The purpose of this study is to see whether a combination of two different drugs -
trastuzumab-MCC-DM1 (T-DM1) and BYL719 is safe, and if it might be effective in treating
metastatic breast cancer. T-DM1 is a type of drug that contains an antibody (trastuzumab)
linked to chemotherapy. The antibody in T-DM1 targets a marker on breast cancer cells called
HER2, which allows the drug to go directly to the cancer cells. The use of T-DM1 in this
study is considered standard treatment for the type of cancer in this study. Participants in
this study have already been treated with trastuzumab and chemotherapy in the past, and
their cancer has gotten worse in spite of those treatments.

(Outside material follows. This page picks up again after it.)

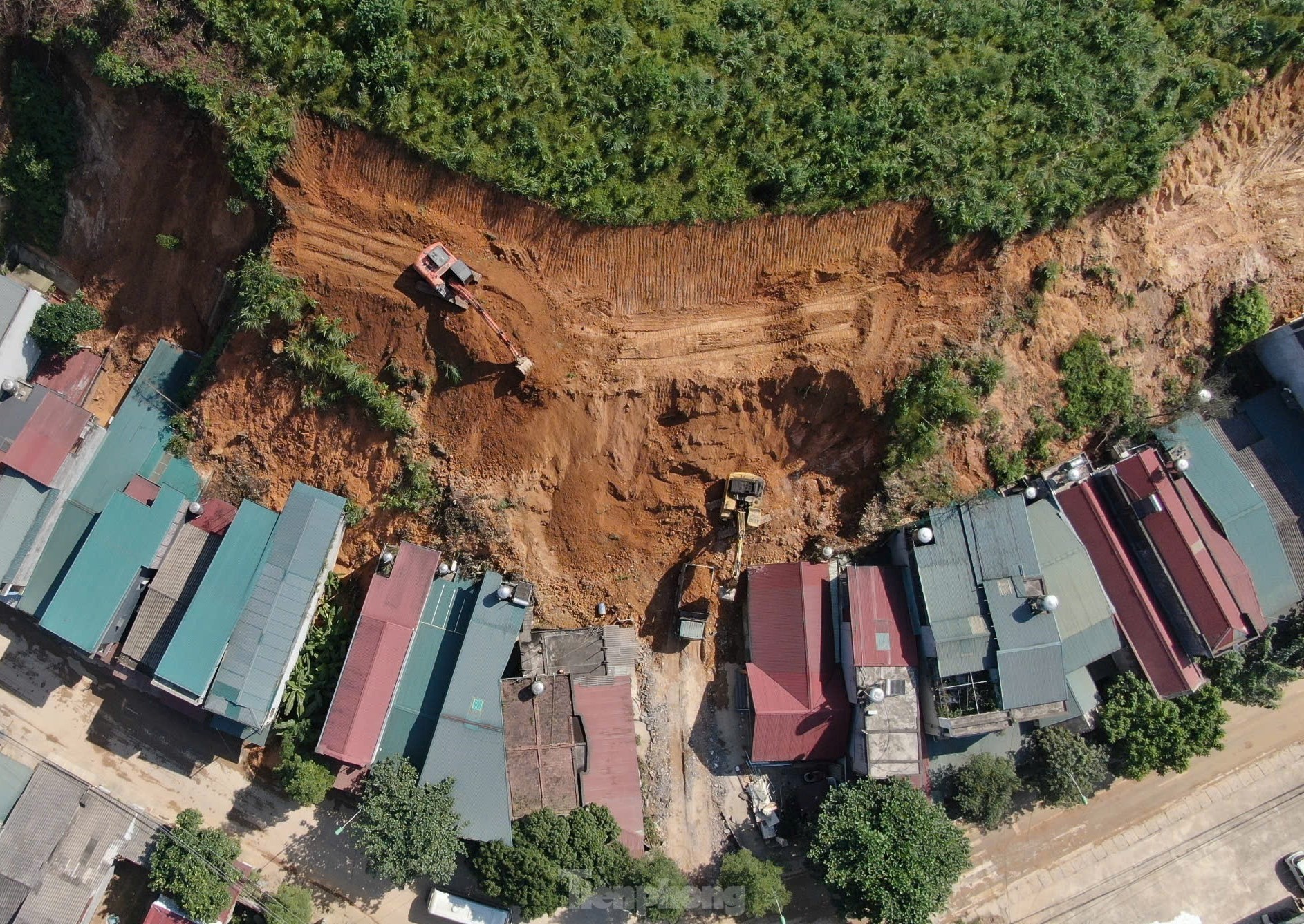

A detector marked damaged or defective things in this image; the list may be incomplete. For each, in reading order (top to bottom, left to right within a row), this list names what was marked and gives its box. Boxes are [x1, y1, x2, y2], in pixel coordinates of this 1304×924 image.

rusty roof [315, 539, 443, 766]
rusty roof [576, 672, 646, 860]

BYL719 is an oral drug (taken by
mouth) that the researchers think may help T-DM1 to work better.

PRIMARY OBJECTIVES:

I. Determine safety, tolerability, feasibility, and the maximum-tolerated dose (MTD) of
dose-escalating BYL719 in combination with ado-trastuzumab emtansine (T-DM1) in patients
with HER2-positive metastatic breast cancer (MBC) after progression on trastuzumab and
taxane-based therapy.

SECONDARY OBJECTIVES:

I. Evaluate pharmacokinetics (PK) of BYL719 administered in combination with T-DM1.

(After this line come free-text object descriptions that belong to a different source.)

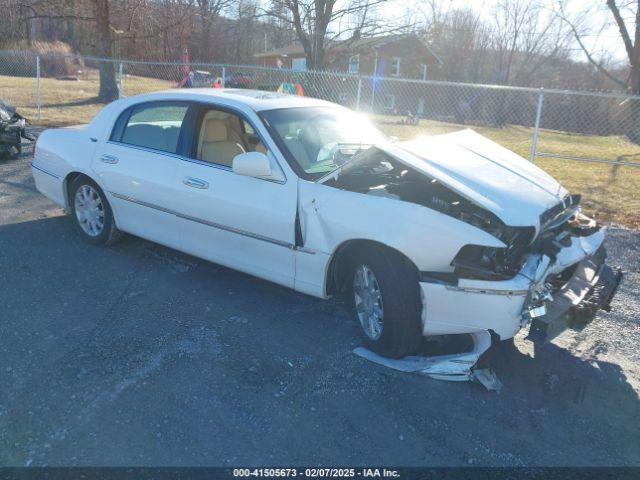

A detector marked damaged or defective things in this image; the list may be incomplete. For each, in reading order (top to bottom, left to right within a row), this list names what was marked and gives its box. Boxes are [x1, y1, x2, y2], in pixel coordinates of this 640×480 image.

wrecked car in background [0, 99, 34, 158]
wrecked car in background [28, 89, 620, 368]
crumpled hood [378, 129, 568, 229]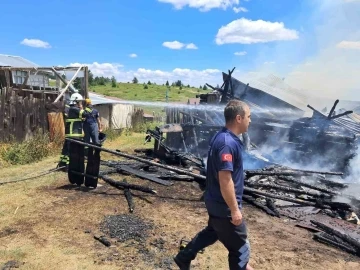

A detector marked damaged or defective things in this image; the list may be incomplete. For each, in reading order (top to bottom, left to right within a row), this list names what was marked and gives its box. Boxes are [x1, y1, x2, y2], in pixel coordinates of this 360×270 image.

burned wooden structure [0, 64, 89, 142]
charred debris [64, 67, 360, 258]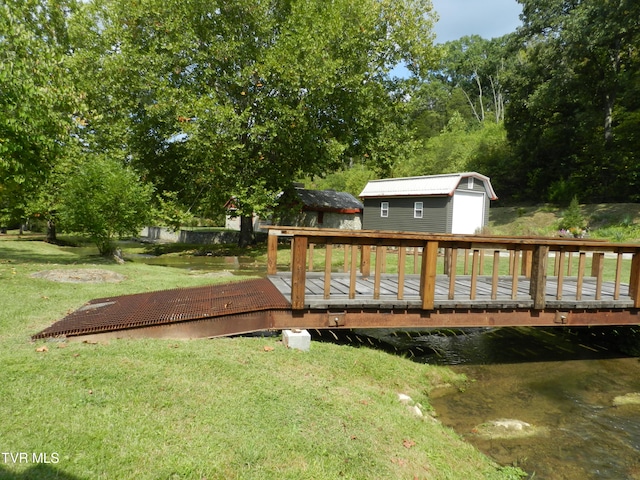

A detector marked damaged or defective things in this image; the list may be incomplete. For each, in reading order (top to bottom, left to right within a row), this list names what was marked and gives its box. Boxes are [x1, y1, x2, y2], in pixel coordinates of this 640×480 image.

rusty metal ramp [30, 278, 290, 342]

II. Assess any preliminary evidence of efficacy of BYL719 and T-DM1 in combination in
patients with HER2-positive MBC.

TERTIARY OBJECTIVES:

I. Explore efficacy in patients whose tumors have an alteration (mutation or amplification)
of the PIK3CA gene and decrease of phosphatase and tensin homolog gene (PTEN) expression.
(Optional) II. Examine other v-akt murine thymoma viral oncogene homolog 1 (Akt)/mechanistic
target of rapamycin (mTOR) downstream markers by immunohistochemistry. (Optional)

OUTLINE: This is a dose-escalation study of PI3K inhibitor BYL719.

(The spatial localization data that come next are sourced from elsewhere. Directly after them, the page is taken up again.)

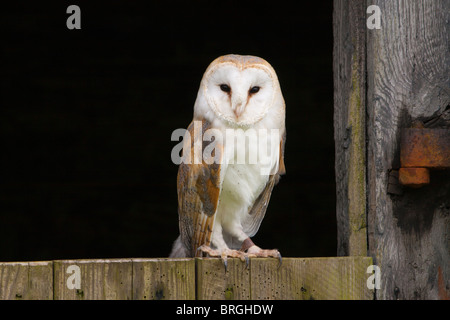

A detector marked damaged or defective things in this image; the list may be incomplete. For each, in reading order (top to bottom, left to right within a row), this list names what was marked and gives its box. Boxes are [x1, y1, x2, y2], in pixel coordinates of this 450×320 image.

rusty door hinge [400, 128, 450, 188]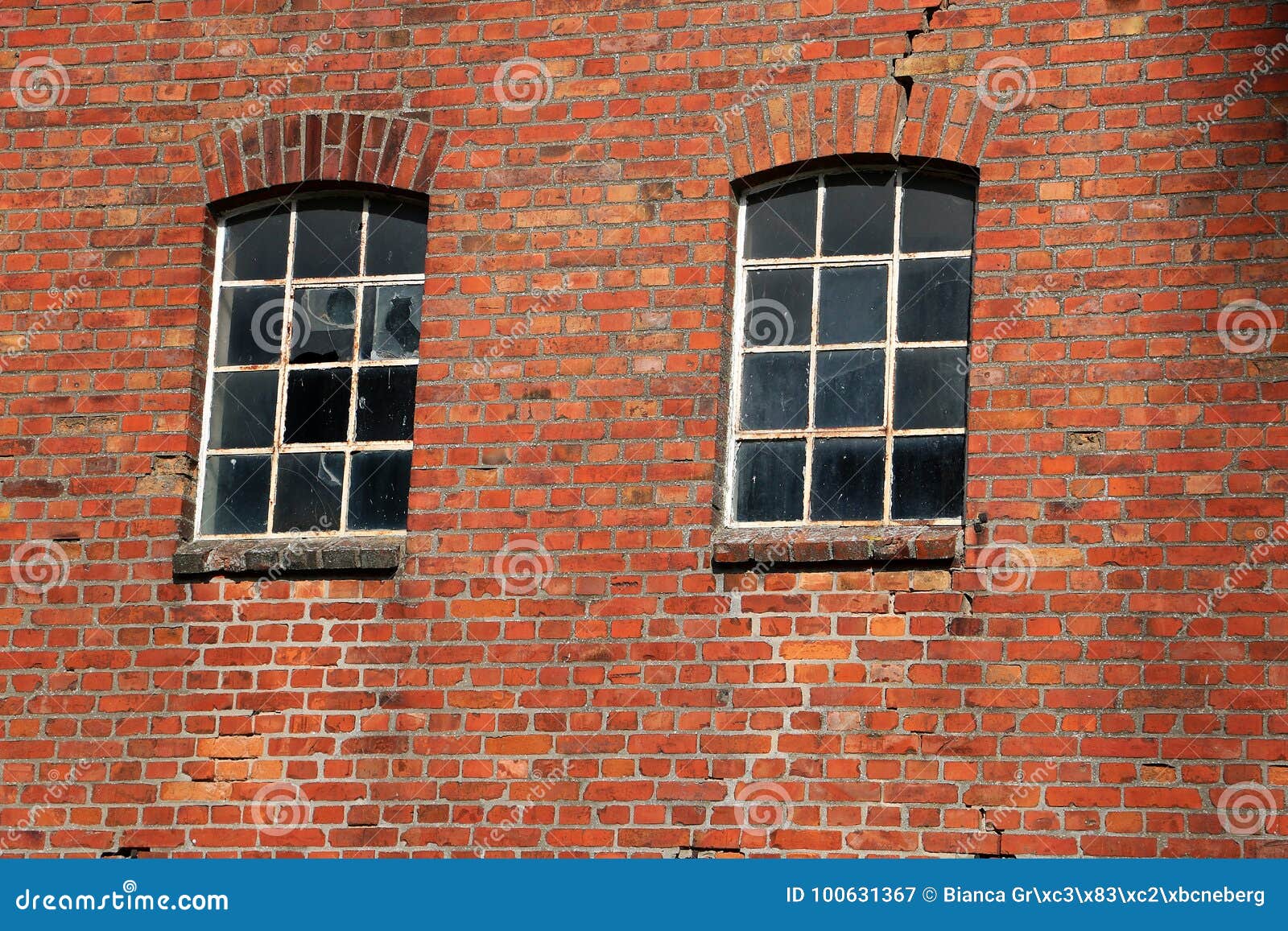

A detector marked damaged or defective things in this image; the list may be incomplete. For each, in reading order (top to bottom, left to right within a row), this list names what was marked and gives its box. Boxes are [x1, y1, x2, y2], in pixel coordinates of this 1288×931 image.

broken glass pane [222, 208, 290, 285]
broken glass pane [296, 197, 365, 280]
broken glass pane [365, 200, 431, 277]
broken glass pane [744, 179, 815, 261]
broken glass pane [216, 285, 287, 365]
broken glass pane [290, 288, 354, 365]
broken glass pane [208, 370, 279, 451]
broken glass pane [283, 369, 353, 444]
broken glass pane [354, 367, 415, 444]
broken glass pane [734, 354, 805, 435]
broken glass pane [200, 457, 270, 538]
broken glass pane [274, 451, 345, 531]
broken glass pane [348, 451, 412, 531]
broken glass pane [734, 441, 805, 521]
broken glass pane [815, 441, 889, 525]
broken glass pane [895, 435, 966, 521]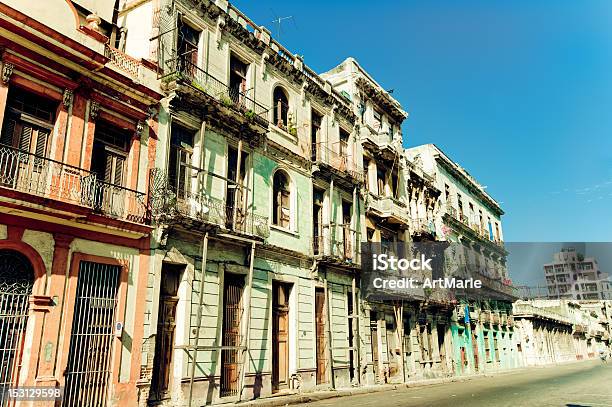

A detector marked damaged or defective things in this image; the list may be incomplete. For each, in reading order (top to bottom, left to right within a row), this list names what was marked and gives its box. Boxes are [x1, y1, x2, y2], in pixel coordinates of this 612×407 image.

broken window [272, 170, 292, 230]
rusty metal gate [0, 252, 34, 404]
rusty metal gate [62, 262, 121, 406]
rusty metal gate [222, 278, 244, 398]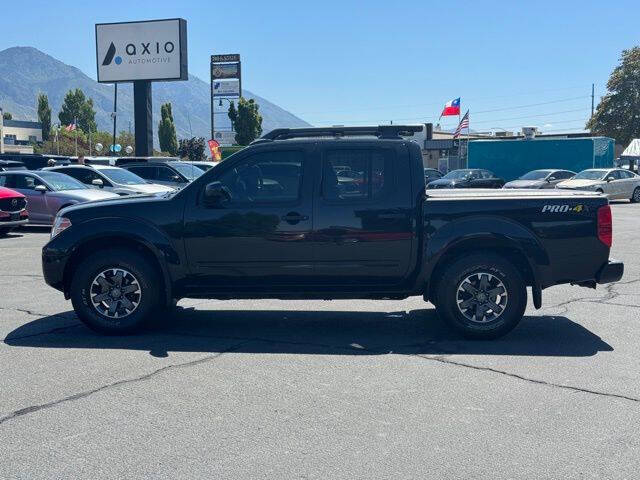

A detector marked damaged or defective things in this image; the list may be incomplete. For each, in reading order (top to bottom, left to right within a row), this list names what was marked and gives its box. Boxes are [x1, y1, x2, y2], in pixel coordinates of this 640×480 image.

crack in asphalt [0, 340, 255, 426]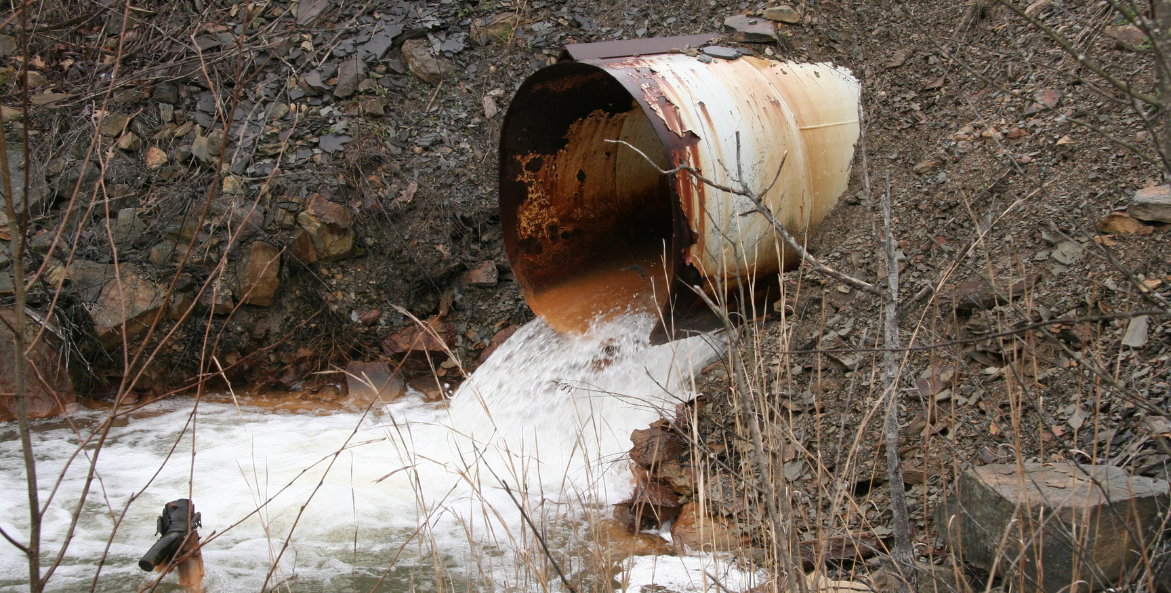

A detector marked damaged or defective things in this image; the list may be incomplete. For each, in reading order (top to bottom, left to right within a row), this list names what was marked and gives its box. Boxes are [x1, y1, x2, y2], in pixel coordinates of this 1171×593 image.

corroded metal [496, 38, 856, 338]
large rusty pipe [500, 40, 856, 338]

Patients receive PI3K inhibitor BYL719 orally (PO) daily on days 1-21 and ado-trastuzumab
emtansine (T-DM1) intravenously (IV) over 30-90 minutes on day 1. Courses repeat every 21
days in the absence of disease progression or unacceptable toxicity, or at the discretion of
the treating physician.

After completion of study treatment, patients are followed up every 3 months.

Inclusion Criteria:

- Patients must have histologically-confirmed HER2-positive breast cancer that is
locally advanced or metastatic (stage 4); ideally this should be from biopsy of the
metastatic disease; however if this is not available, histologic confirmation from
the primary tumor is acceptable

- Patients must have had progression on a trastuzumab and taxane-based chemotherapy
regimen during or after treatment for locally advanced or metastatic disease or
within 6 months after treatment for early-stage HER2-positive disease documented by
one of the following results using Food and Drug Administration (FDA)-approved
testing methods:

- Fluorescence in situ hybridization (FISH)-positive (with an amplification ratio
>= 2.0 indicating positive status) and/or

- Immunohistochemistry (IHC) 3 + by local laboratory assessment

- Patients must have an Eastern Cooperative Oncology Group (ECOG) performance status =<
2

- Patients must have a life expectancy >= 90 days

- Patients must have baseline laboratory tests within the following parameters at least
4 weeks (28 days) prior to registration:

- Hemoglobin > 8 g/dL (which may be reached by transfusion)

- Platelet count >= 100 x 10^9/L (no transfusion allowed within 2 weeks)

- Absolute neutrophil count (ANC) >= 1.5 x 10^9/L without growth factor support

- Serum bilirubin =< 1.5 x upper limit of normal (ULN)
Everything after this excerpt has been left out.